Segment Start: EXERCISE DATA

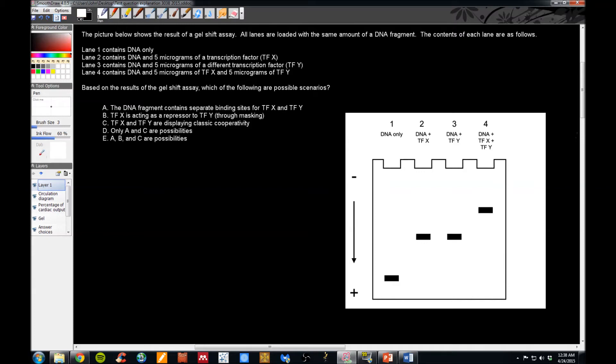Hello everyone, Dr. Kennedy here. I wanted to take some time in this video to explain two questions that many students miss on the exam. So let's start with this one.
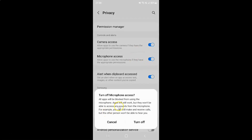And a pop-up appears: 'Turn off microphone access — all apps will be blocked from using the microphone. Apps will still work, but they won't be able to access any sounds from the microphone. For example, you can still make and receive calls, but the other person won't be able to hear you.' Just read this message and if you agree, tap on the Turn Off button.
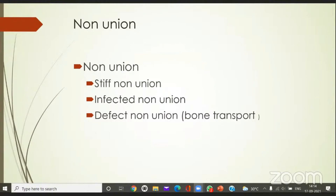Non-unions: one type is a stiff non-union, where there are some callus formations — doubtful, with some potential for union — so you call it a stiff non-union; it is not that frankly mobile. Then you have infected non-union, and then you could have defect non-union. Defect non-union could be aseptic as well as septic.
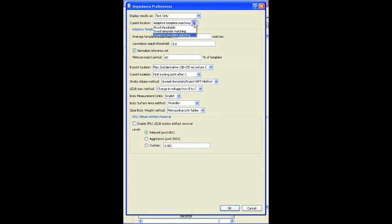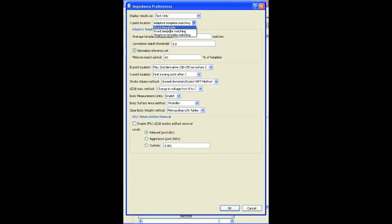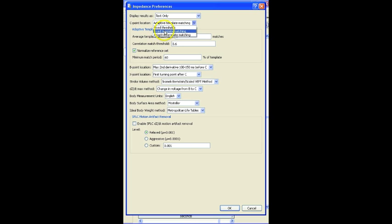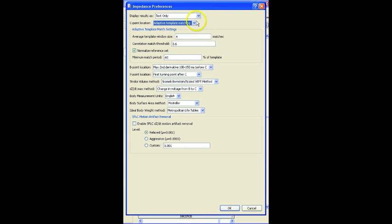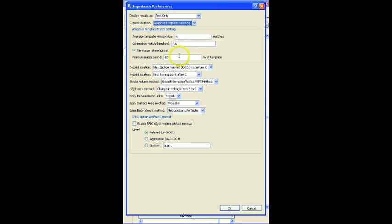The default option is an adaptive template matching method, but you can go all the way back to a fixed threshold. Now this method works well if the data is very stable and the signal isn't moving around a lot, but in most instances there's usually a little bit of movement, there's some respiratory component in there. And in order to overcome that, the template matching, either the fixed or the adaptive work a little better. The adaptive is ideal for this type of data because it's going to constantly change as the subject's signal is changing.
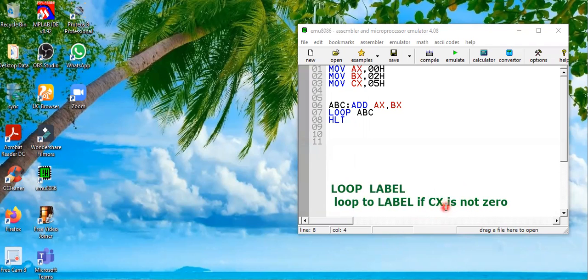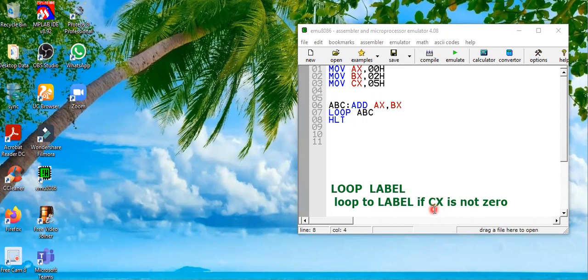If you want to understand this instruction, you have to keep your eye on the content of the CX register. If the CX value is not zero — some non-zero value like four, five, two, or whatever — it will loop back to the label. Whenever you encounter this LOOP instruction, it will jump to whatever label is defined, and that procedure will be repeated unless the CX value is zero.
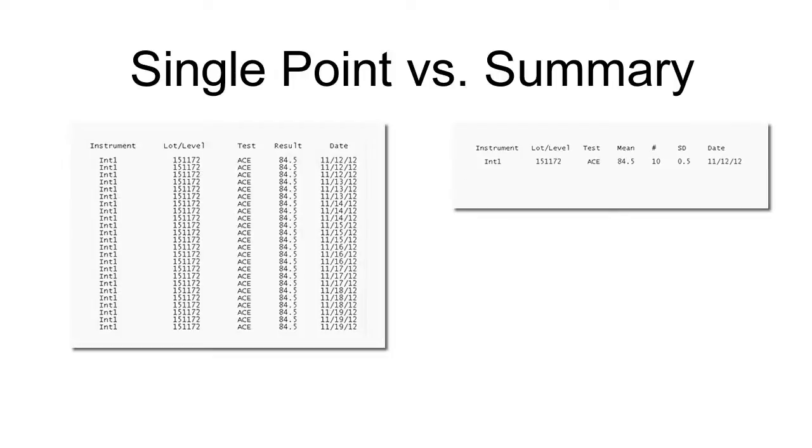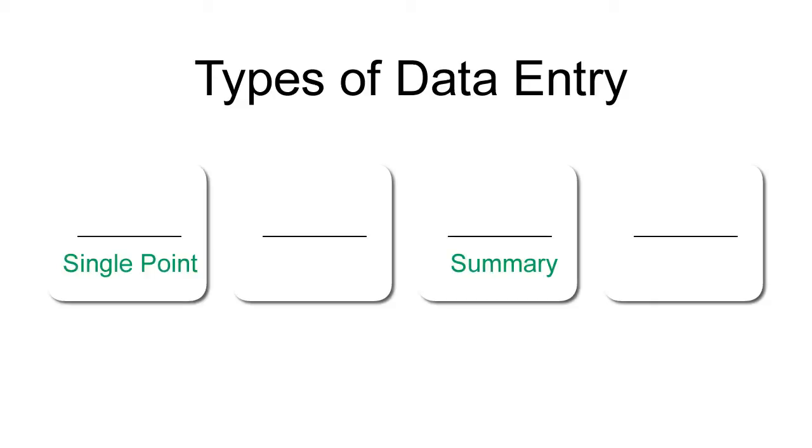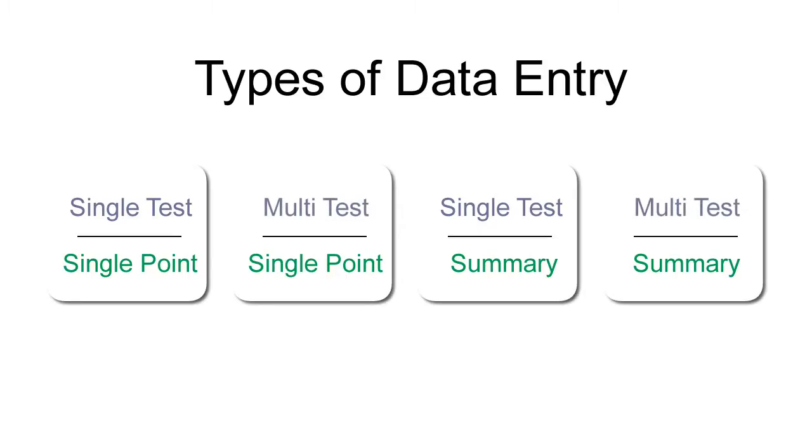With this in mind, let's compare the options for data entry so you can determine what works best for you. There are four types of data entry. As we learned, you can enter single point or summary data. Our first type of data entry allows you to enter single point data for a single test, or you can enter summary data for a single test. Some customers prefer a faster method. This allows you to enter single point or summary data for multiple tests at the same time.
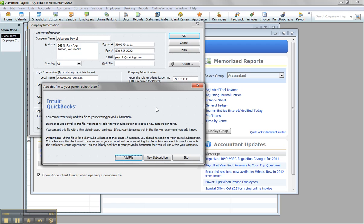It says you can automatically add this file to your existing payroll subscription, because my Enhanced Payroll for Accountants sees the EIN's changed. I want to add it, let me go ahead and add it. So I'm going to go ahead and click Add File.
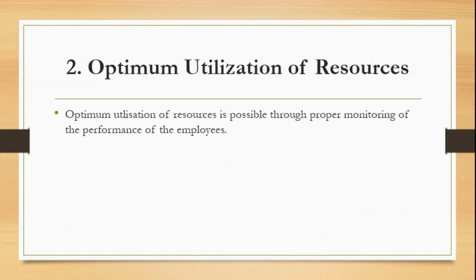The second point is optimum utilization of resources. Optimum utilization of resources is possible through proper monitoring of the performance of the employees.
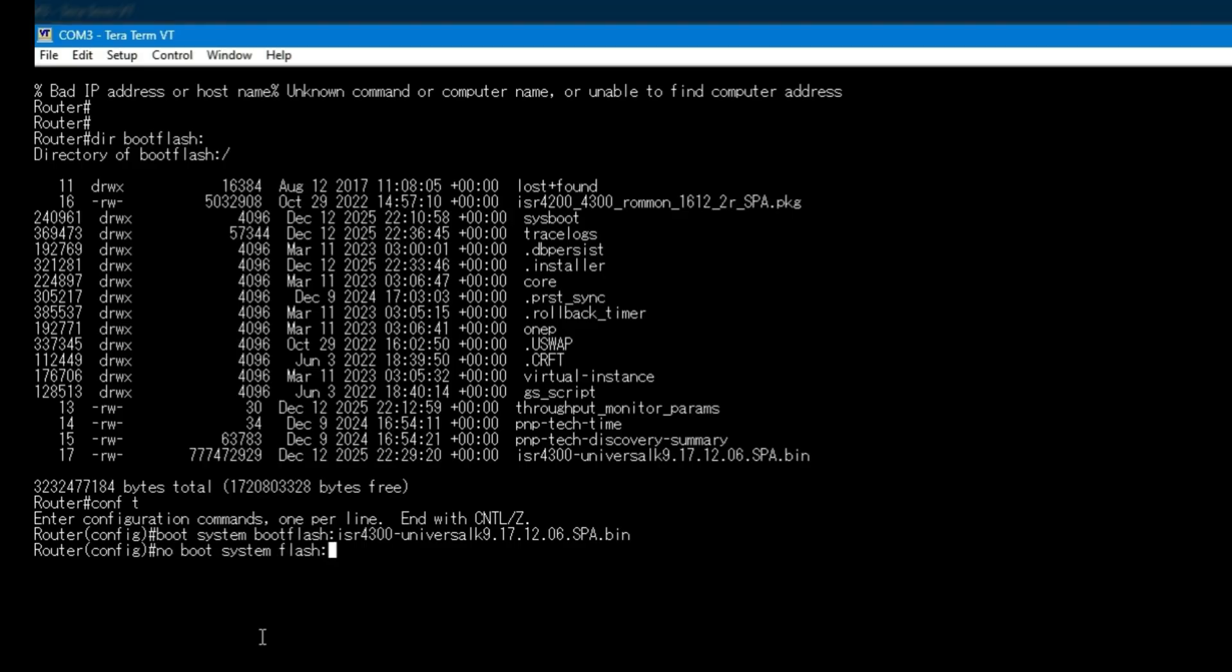Then we remove any existing boot statements to keep the configuration clean and predictable.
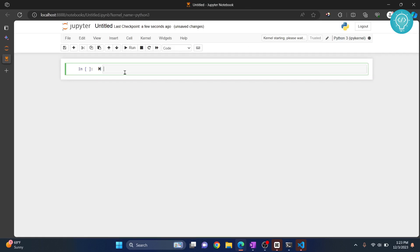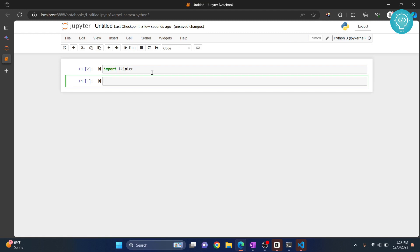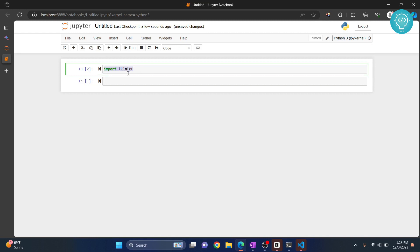To use tkinter in your notebook, you can just import tkinter like this, and if you hit Ctrl+Enter, tkinter will be imported. Tkinter comes as part of the standard Python library so you don't need to install it.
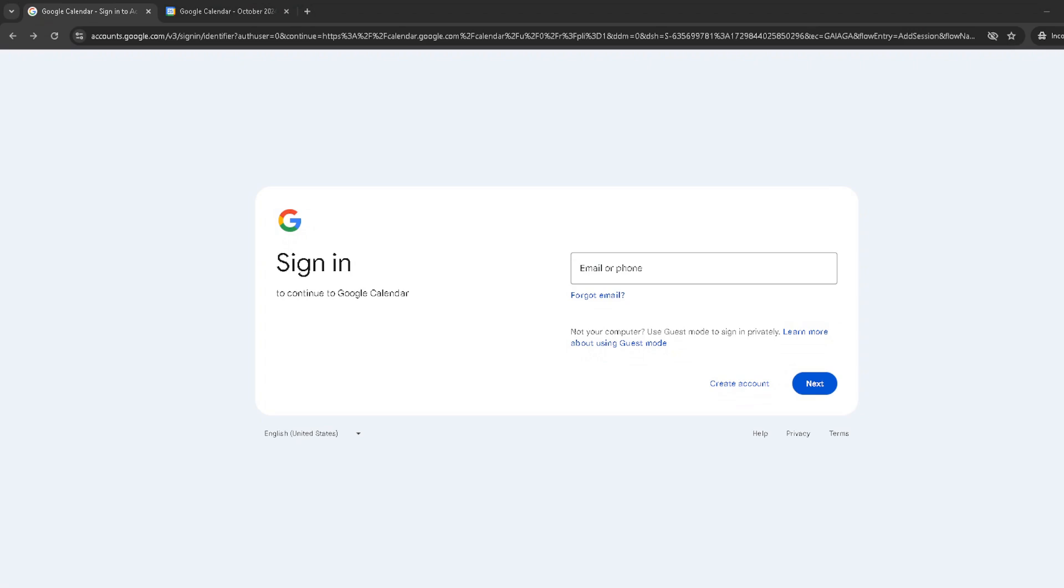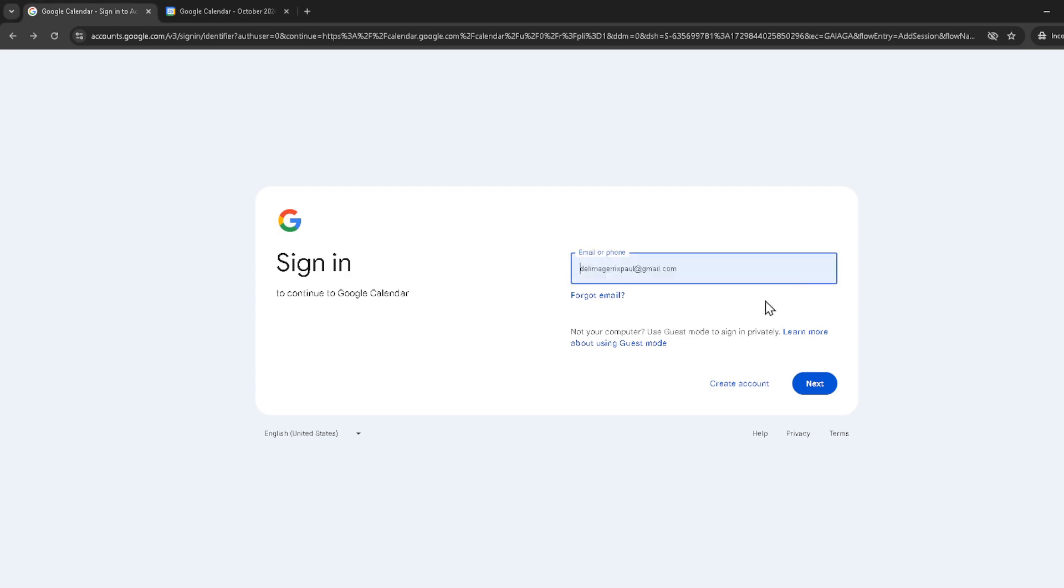Firstly, let's get you logged into your Google Calendar. Open up your preferred web browser and head to the Google Calendar login page. You'll need to enter your email and password here. Make sure you enter your details correctly. Once you've got them in, go ahead and click next to proceed.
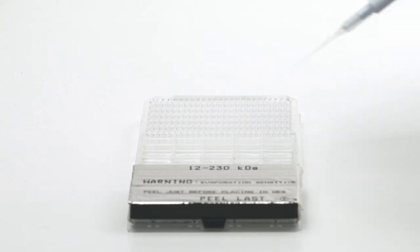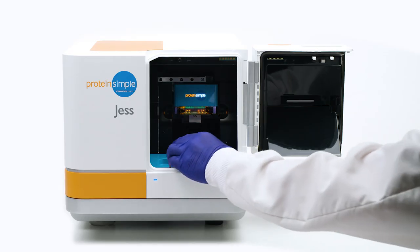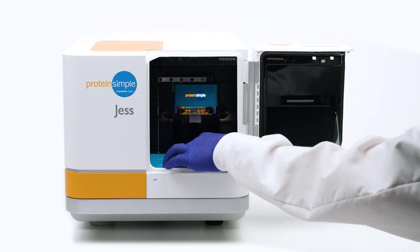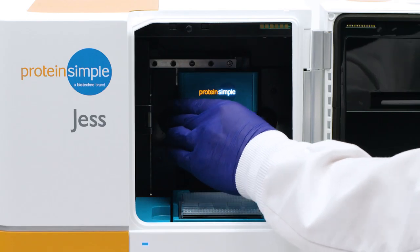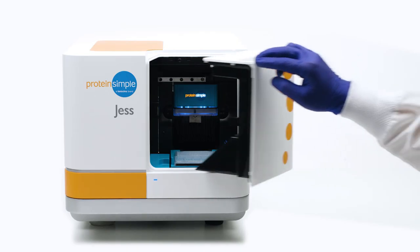Just load your samples and reagents into the microplate, insert the plate and capillary cartridge, and Jess does the rest.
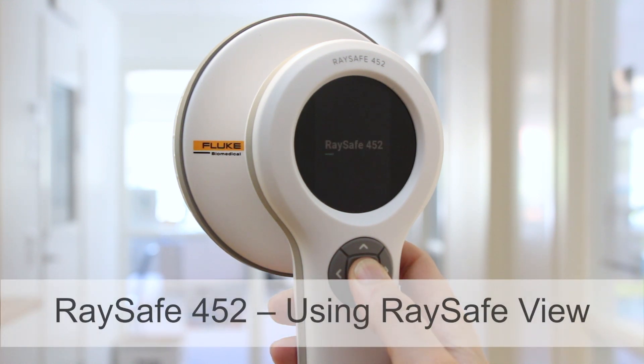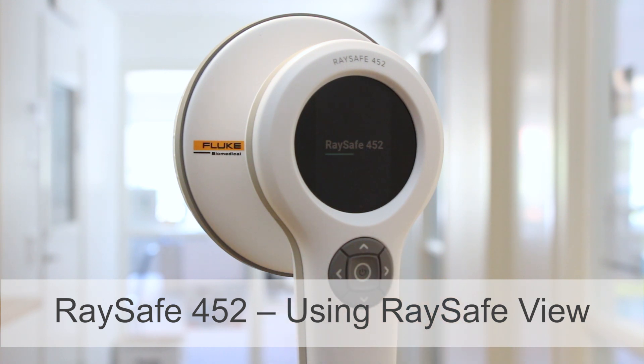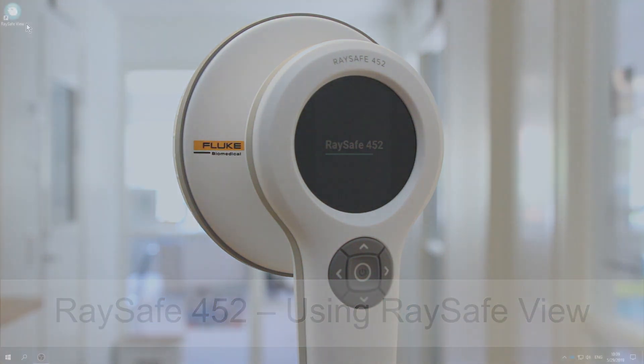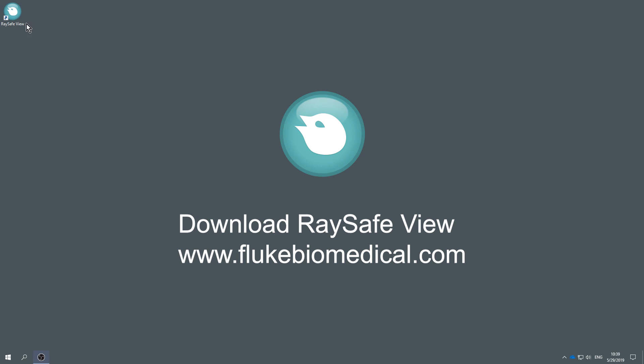I want to show you how to use RaySafe View with the RaySafe 452. RaySafe View is a PC software. Download and install it on your PC.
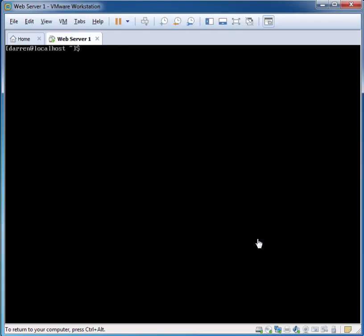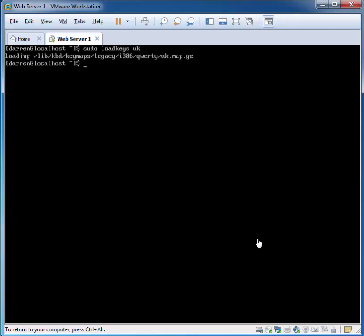So there's a really easy way to correct this. We just type in sudo loadkeys space UK and press return.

Segment End: EXERCISE DATA

# TASK DETAILS:
Each record above is to be copied exactly. Drop the pictures.

# YOUR SOLUTION:
Hello everyone, Dr. Kennedy here. I wanted to take some time in this video to explain two questions that many students miss on the exam. So let's start with this one.
And a pop-up appears: 'Turn off microphone access — all apps will be blocked from using the microphone. Apps will still work, but they won't be able to access any sounds from the microphone. For example, you can still make and receive calls, but the other person won't be able to hear you.' Just read this message and if you agree, tap on the Turn Off button.
Non-unions: one type is a stiff non-union, where there are some callus formations — doubtful, with some potential for union — so you call it a stiff non-union; it is not that frankly mobile. Then you have infected non-union, and then you could have defect non-union. Defect non-union could be aseptic as well as septic.
The default option is an adaptive template matching method, but you can go all the way back to a fixed threshold. Now this method works well if the data is very stable and the signal isn't moving around a lot, but in most instances there's usually a little bit of movement, there's some respiratory component in there. And in order to overcome that, the template matching, either the fixed or the adaptive work a little better. The adaptive is ideal for this type of data because it's going to constantly change as the subject's signal is changing.
If you want to understand this instruction, you have to keep your eye on the content of the CX register. If the CX value is not zero — some non-zero value like four, five, two, or whatever — it will loop back to the label. Whenever you encounter this LOOP instruction, it will jump to whatever label is defined, and that procedure will be repeated unless the CX value is zero.
With this in mind, let's compare the options for data entry so you can determine what works best for you. There are four types of data entry. As we learned, you can enter single point or summary data. Our first type of data entry allows you to enter single point data for a single test, or you can enter summary data for a single test. Some customers prefer a faster method. This allows you to enter single point or summary data for multiple tests at the same time.
It says you can automatically add this file to your existing payroll subscription, because my Enhanced Payroll for Accountants sees the EIN's changed. I want to add it, let me go ahead and add it. So I'm going to go ahead and click Add File.
The second point is optimum utilization of resources. Optimum utilization of resources is possible through proper monitoring of the performance of the employees.
Then we remove any existing boot statements to keep the configuration clean and predictable.
To use tkinter in your notebook, you can just import tkinter like this, and if you hit Ctrl+Enter, tkinter will be imported. Tkinter comes as part of the standard Python library so you don't need to install it.
Firstly, let's get you logged into your Google Calendar. Open up your preferred web browser and head to the Google Calendar login page. You'll need to enter your email and password here. Make sure you enter your details correctly. Once you've got them in, go ahead and click next to proceed.
Just load your samples and reagents into the microplate, insert the plate and capillary cartridge, and Jess does the rest.
I want to show you how to use RaySafe View with the RaySafe 452. RaySafe View is a PC software. Download and install it on your PC.
So there's a really easy way to correct this. We just type in sudo loadkeys space UK and press return.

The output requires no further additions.